Frankly, Pistol Caliber Carbines Don’t Make a Lot of Sense – Here’s Why

    I know that I am not going to make any friends by writing this, but that never stopped me before, so why not? Here goes: Pistol caliber carbines don’t make a whole lot of sense for the American rifle buyer, or at least not most of the offerings on the market right now.

    Now, wait, hold on: Before you get your pitchforks, you should know what I mean exactly. Firstly, I am talking about pistol caliber carbines as defensive or working tools, not as range toys or fun guns. Second, I am talking about the American market specifically; I cannot speak to the Canadian or European markets, or any other market. Third, for the purposes of this post I am not going to consider NFA pistol caliber long guns, that means anything I write here doesn’t necessarily apply to SBRs, suppressor hosts, or submachine guns. Also, none of the arguments I am making here address circumstantial reasons to own pistol caliber carbines, for example legal restrictions on standard caliber rifles, or lack of access to rifle-rated ranges. Ultimately, I don’t think people should tether their gun purchase decisions to what online “experts” like myself have to say. We might know a lot and can potentially be helpful in making decisions (though neither of those things are guaranteed), but ultimately we cannot account for every potential circumstance and situation. At the end of the day, anyone reading this with an eye to buy must make their own decisions for their own situation, not based on what a so-called “expert” like me has to say!
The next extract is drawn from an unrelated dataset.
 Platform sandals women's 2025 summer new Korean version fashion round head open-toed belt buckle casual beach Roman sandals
    Alright, now go get your pitchforks.

    The fundamental problem of the pistol-caliber carbine is that it is a compromise with no payoff. Take a standard rifle-caliber carbine and change the design so that it uses pistol ammunition, to what end? A number of arguments have been made to positively answer this question, but I think they mostly serve to justify the concept, rather than the concept existing to fill a meaningful need. Still, let’s review a few of those arguments:

    • Pistol caliber carbines can share ammunition with the pistol. This way, if either the pistol or rifle runs dry, it can be refreshed with ammunition from the other.
    • Pistol caliber carbines can approach rifle performance thanks to their longer barrels.
    • Pistol ammunition may be cheaper than rifle ammunition.

    The ammunition sharing argument to me falls flat because it describes a technical curiosity, but no actual practical advantage. If both weapons share ammunition, so what? In what situation does one run dry with one firearm and then defeat results if it can’t then be refreshed with ammunition from the other? Isn’t the most logical thing to do in this situation – one which must be extremely rare to begin with! – to simply switch to the other weapon?
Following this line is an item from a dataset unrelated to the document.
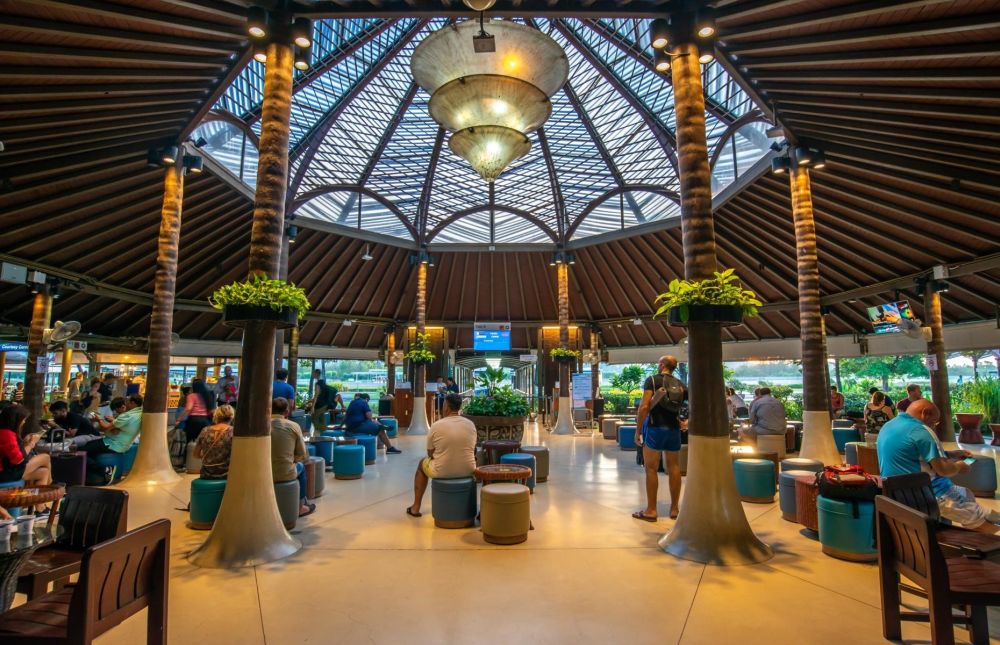 Những sân bay thú vị nhất thế giới chờ du khách khám phá ảnh 5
    I think this argument mostly relies on analogy to the guns of the Old West, in which sometimes ammunition could be shared between rifle and pistol. However, this was probably more a byproduct of the circumstances of the era. For one thing, ammunition standardization was much less solidified in those days than it is now. Where now we have two overwhelmingly dominant centerfire calibers, 9mm and 5.56mm, one each for rifle and pistol, back then a number of different caliber systems existed, and it was not unusual for different manufacturers to have different non-interchangeable competing ammunition types! Also, the performance gap between rapid-firing lever-action carbines and revolvers was not very great before 1890; as evidence of this, look at rounds like the .44 Henry and .44-40 which although designed as rifle ammunition later became popular in handguns. In those days, as well, the state-of-the-art propellant technology, blackpowder, was not as tailorable for different barrel lengths as smokeless powder is today. All this put together means that at the time, there were circumstances where choosing a rifle in a pistol or revolver caliber had no practical downsides.
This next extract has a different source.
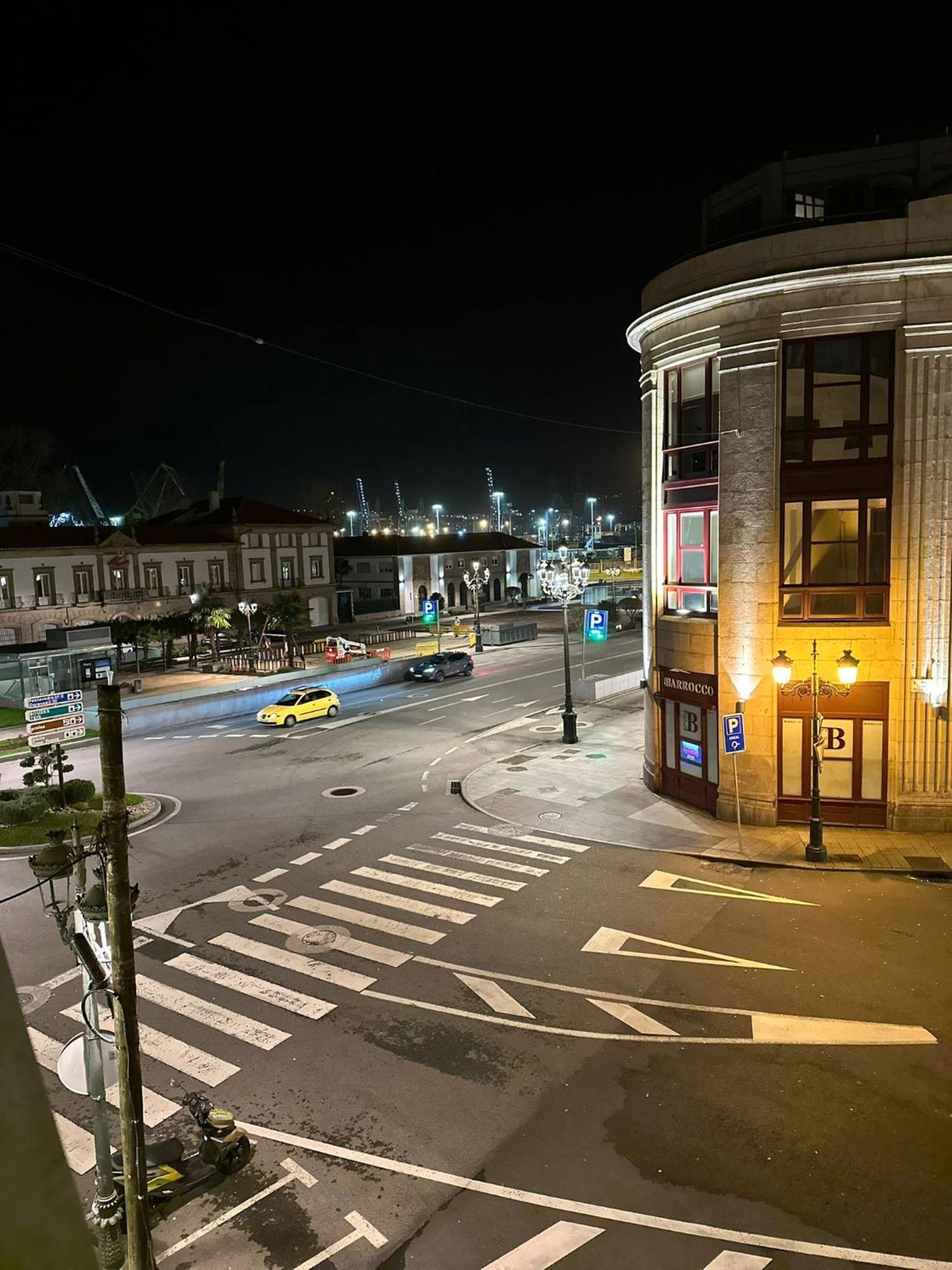 Central Suites Arenal ヴィーゴ エクステリア 写真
    What was true then is not true now, however. Now, given the high performance of modern rifle calibers like the 5.56x45mm and 7.62x51mm, opting for a pistol-caliber long gun incurs a substantial penalty in terms of range, accuracy, lethality, and power. Consider, for example, that from a 10.5″ SBR barrel, 5.56mm offers twice the muzzle energy and essentially twice range (by trajectory) than the 9mm when fired from rifle barrels; the common 16″ civilian carbine produces nearly three times the energy of the 9mm. Even the lowly .30 Carbine produces more than double the muzzle energy when fired from comparable barrel lengths! The high velocity, high energy, and superior projectile shape of rifle ammunition give the weapons chambered for them a great deal more capability and destructive power than they would have if chambered for pistol ammunition.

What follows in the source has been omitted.